After they finished I went next door (that's ridiculous when you think about it. I caught myself a few times last night thinking I saw Sic Alps a week ago....or the Fresh and Onlys was another life...not literally an hour ago) and made it in time for the end of Woods' set. I hugely respect what Jeremy has done for his band, the label, and then to take this secondary slot on their own showcase night? Just an all around nice, hardworking guy...they really deserve the attention they're getting for the label and hell ...people seem to like Woods on top of it. I'm not that familiar with their catalog but they seemed to be extending their tracks, teasing them out for the crowd. G. Lucas Crane looks pained, bent over the sea of electronics always in dead front, I think he was burning incense or else the faders and knobs were just in a constant state of near meltdown. It's hard to tell exactly what sounds are created but it definitely adds to the psychedelic haze that the tracks devolve into. It's would seem counter intuitive to add this to the jam pit vibe but then the vocalizations he's creating are just what the otherwise guitar driven songs need. It's done in an organic way, maybe because it's so hands on....it's that delicate high falsetto against this swirling menace that's Woods' trademark.

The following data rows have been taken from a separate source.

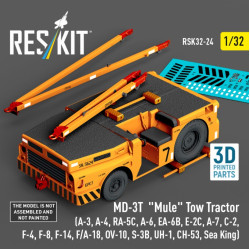 Reskit Rsk32-0024 1/32 Md-3t Mule Tow Tractor A-3 A-4 Ra-5c A-6 Ea-6b E-2c A-7 C-2 F-4 F-8 F-14 F/A-18 Ov-10 S-3b Uh-1 Ch-53 Sea King 3d Printed Model Kit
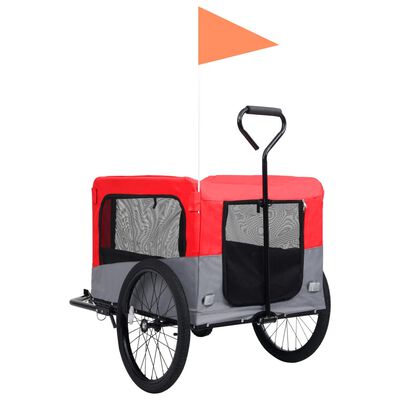 vidaXL Sykkeltilhenger og joggevogn for kjæledyr 2-i-1 rød og grå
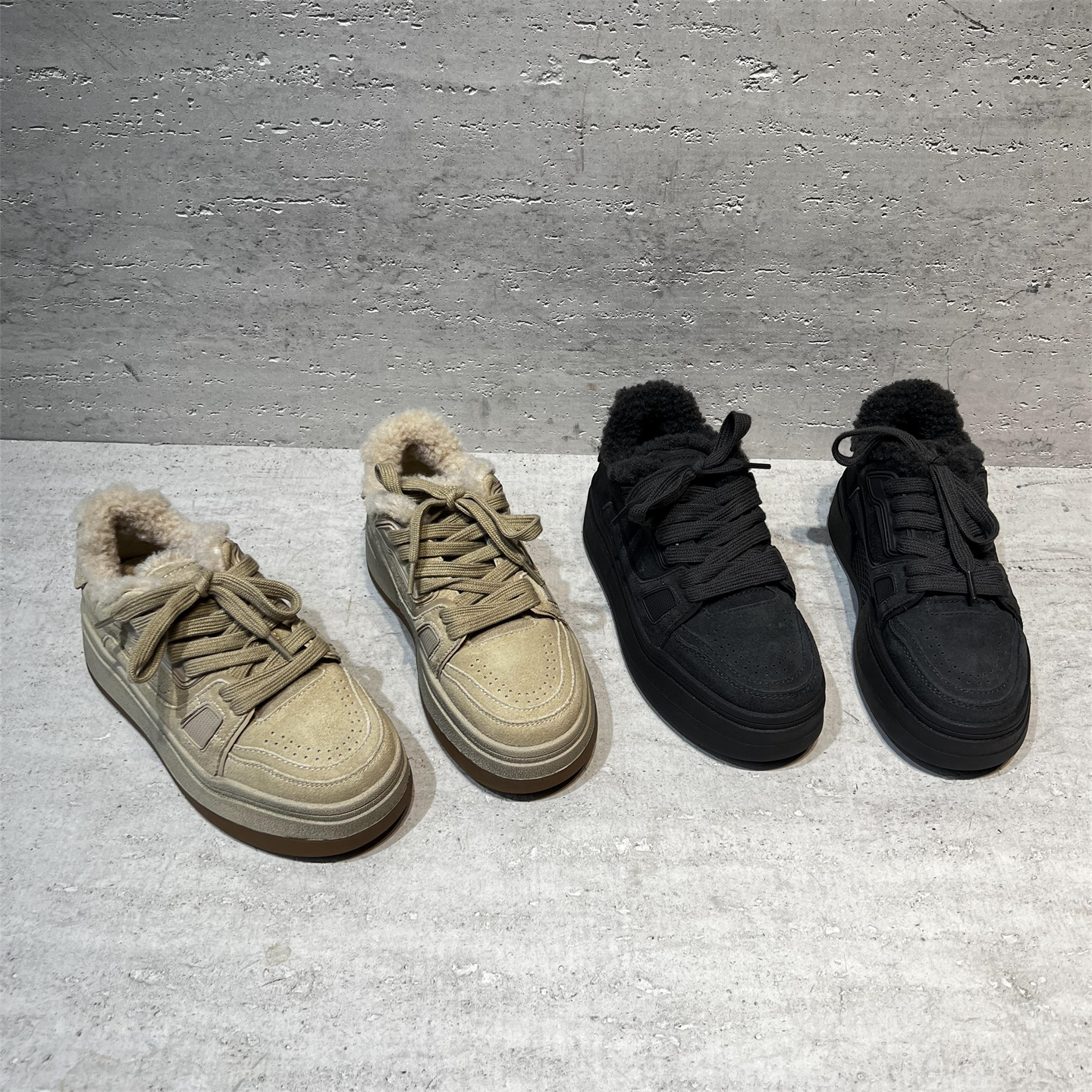 真皮厚底加绒保暖棉鞋休闲板鞋潮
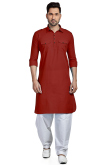 Cotton Deep Red Men Kurta Pajama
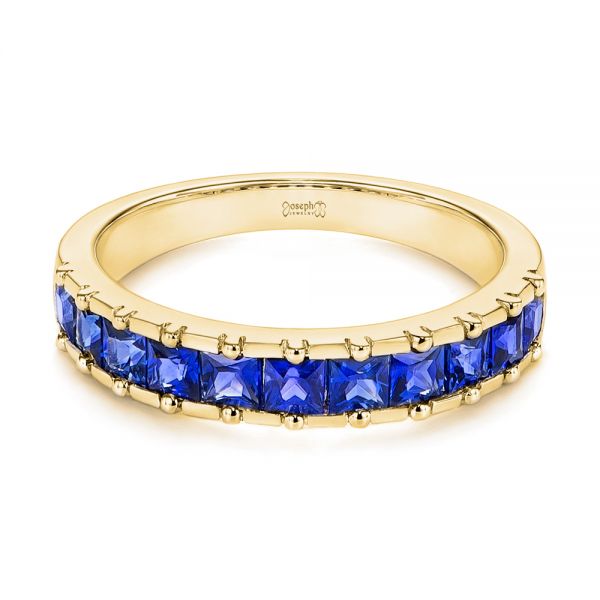 18k Yellow Gold 18k Yellow Gold Blue Sapphire Channel Set Wedding Band - Flat View -  106001 - Thumbnail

Real Estate was up next, with the perfect kind of lazy summer odes to New Jersey. The back and forth of guitar between Matt and Martin they both have a great high tone and melody sense that comes together in layered pop. You don't see these melodies coming or that the track chorus gets even catchier. Weirdly all the vocals reference the water, rivers, streams or reservoirs, it's something I never picked up on before, you would never pick out these 4 guys to be in the same band, but it's got to be these varied references coming together that makes it work. Matt even took lead on a new track I didn't recognize. But Etienne Duguay on drums is an insane showman, twirling the sticks between hits, with a huge reach hitting the backside of the crash cymbals flailing around with impressive control of velocity. I couldn't help but think of the wedding drummer video. Back out for the encore they somehow saved their best 7" tracks for last like Fake Blues and they're getting more comfortable every time I see them and the audiences are growing. Not bad for basically their first album.